Let’s test to be sure this compute_benchmark() function will return data for a single gage

compute_benchmark('USGS-01030350')

Execute the Analysis¶

We will be doing a lot of work in parallel, using workers within a ‘cluster’.
The details of cluster configuration are handled for us by ‘helper’ notebooks, below. You can override their function by doing your own cluster configuration if you like.

# uncomment the lines below to read in your AWS credentials if you want to access data from a requester-pays bucket (-cloud)
# os.environ['AWS_PROFILE'] = 'default'
# %run ../../../environment_set_up/Help_AWS_Credentials.ipynb

%run ../../../environment_set_up/Start_Dask_Cluster_Nebari.ipynb
### Executes external 'helper to spin up a cluster of workers.

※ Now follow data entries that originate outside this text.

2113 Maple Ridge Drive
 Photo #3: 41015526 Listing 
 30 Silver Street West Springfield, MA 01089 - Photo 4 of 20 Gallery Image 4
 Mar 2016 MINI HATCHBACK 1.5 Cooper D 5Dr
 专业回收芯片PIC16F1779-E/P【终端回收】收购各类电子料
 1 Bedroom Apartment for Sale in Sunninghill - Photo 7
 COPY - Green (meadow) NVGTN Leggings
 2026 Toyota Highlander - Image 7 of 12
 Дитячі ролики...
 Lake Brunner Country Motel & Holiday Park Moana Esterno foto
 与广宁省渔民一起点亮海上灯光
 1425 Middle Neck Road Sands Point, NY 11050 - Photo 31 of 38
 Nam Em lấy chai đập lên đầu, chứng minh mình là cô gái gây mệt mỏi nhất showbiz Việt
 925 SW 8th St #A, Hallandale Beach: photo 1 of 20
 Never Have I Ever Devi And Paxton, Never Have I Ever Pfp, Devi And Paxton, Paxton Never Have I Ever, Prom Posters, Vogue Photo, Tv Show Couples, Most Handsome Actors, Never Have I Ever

We verified above that the compute_benchmark works on the “hosted” server (where this notebook is being executed. As a sanity check before we give the cluster of workers a lot to do, let’s verify that we can have a remote worker process a gage by submitting work to one in isolation:

client.submit(compute_benchmark, 'USGS-01030350').result()

Now that we’ve got a benchmark function, and can prove that it works in remote workers within the cluster, we can dispatch a fleet of workers to process our data in parallel. We will make use of dask to do this using a dask ‘bag’.

# Set up a dask bag with the contents beging a list of the cobalt gages
import dask.bag as db
bag = db.from_sequence( cobalt.index.tolist() ).map(compute_benchmark)

results = bag.compute() #<< Dispatch the workers

With that big task done, we don’t need dask parallelism any more. Let’s shut down the cluster:

client.close(); del client
cluster.close(); del cluster

Assemble the results¶

The bag now contains a collection of return values (one per call to compute_benchmark()). We can massage that into a table/dataframe for easier processing:

r = [i for i in results if i is not None] # Drop entries where compute_benchmark failed
results_df = pd.concat(r, axis=1).T
results_df.index.name = 'site_no'
results_df

This dataframe/table can be saved to disk as a CSV. It will be used for visualizations in other notebooks.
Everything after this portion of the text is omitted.